━━ PROVIDED DATA

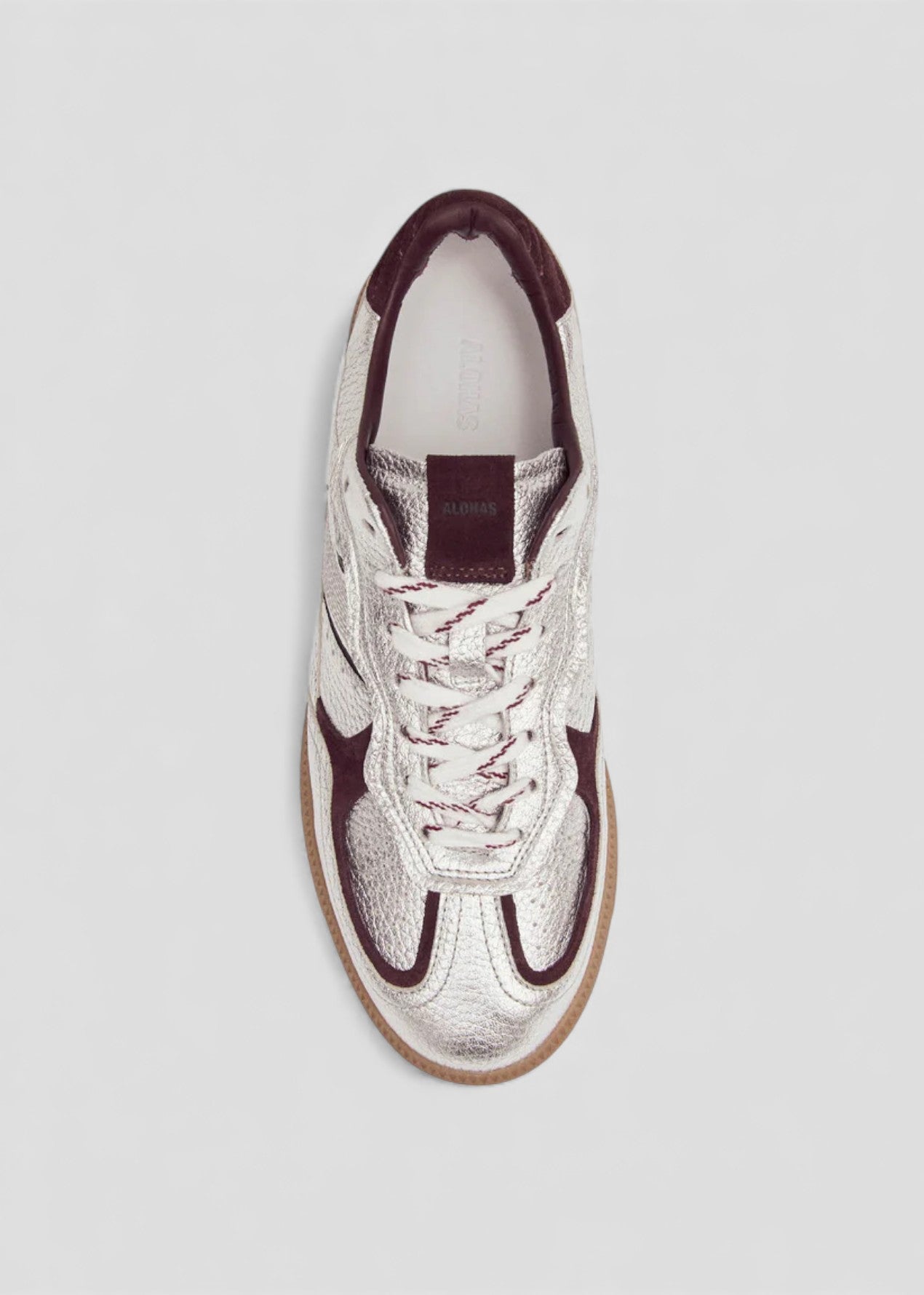 SS26-101208-01. TB.490 SNEAKERS IN PELLE ARGENTATA E BORDEAUX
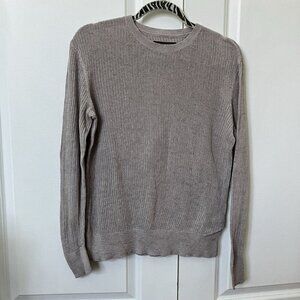 Allsaints Stafford Crew Neck Mens Small Knit Mesh Sweater Neutral Long Sleeve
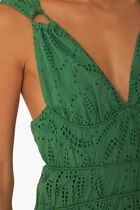 Monstera Corset Tiered Maxi Dress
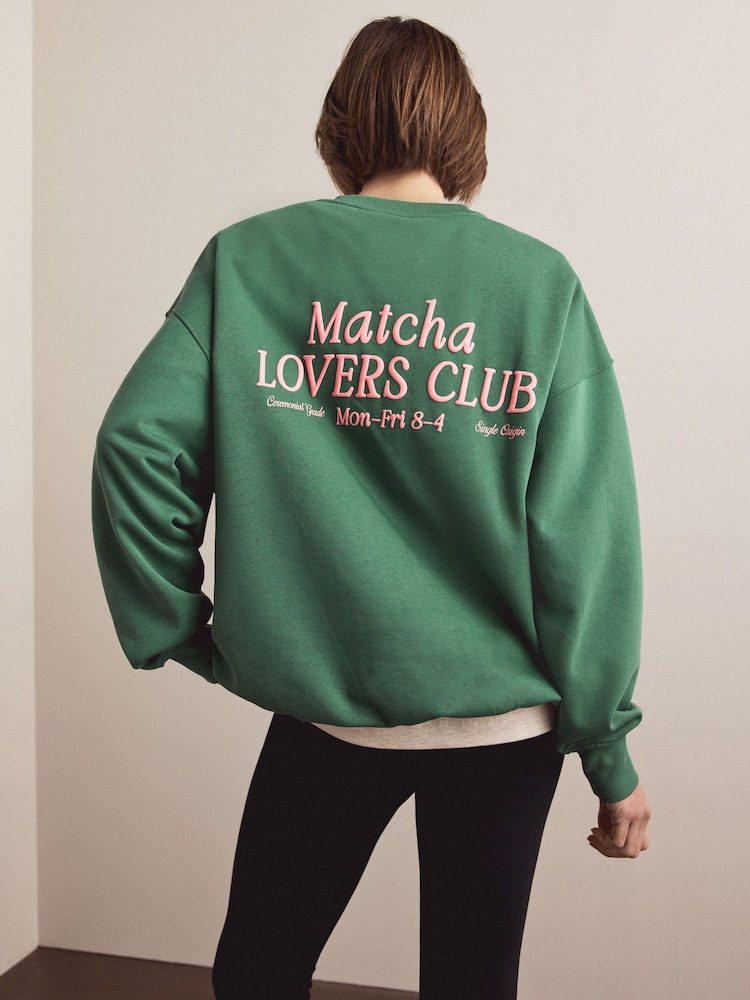 Green Matcha Graphic Sweatshirt - Image 1 of 9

━━━━

What you return should be the whole listing, word for word, without its pictures.

 SS26-101208-01. TB.490 SNEAKERS IN PELLE ARGENTATA E BORDEAUX
 Allsaints Stafford Crew Neck Mens Small Knit Mesh Sweater Neutral Long Sleeve
 Monstera Corset Tiered Maxi Dress
 Green Matcha Graphic Sweatshirt - Image 1 of 9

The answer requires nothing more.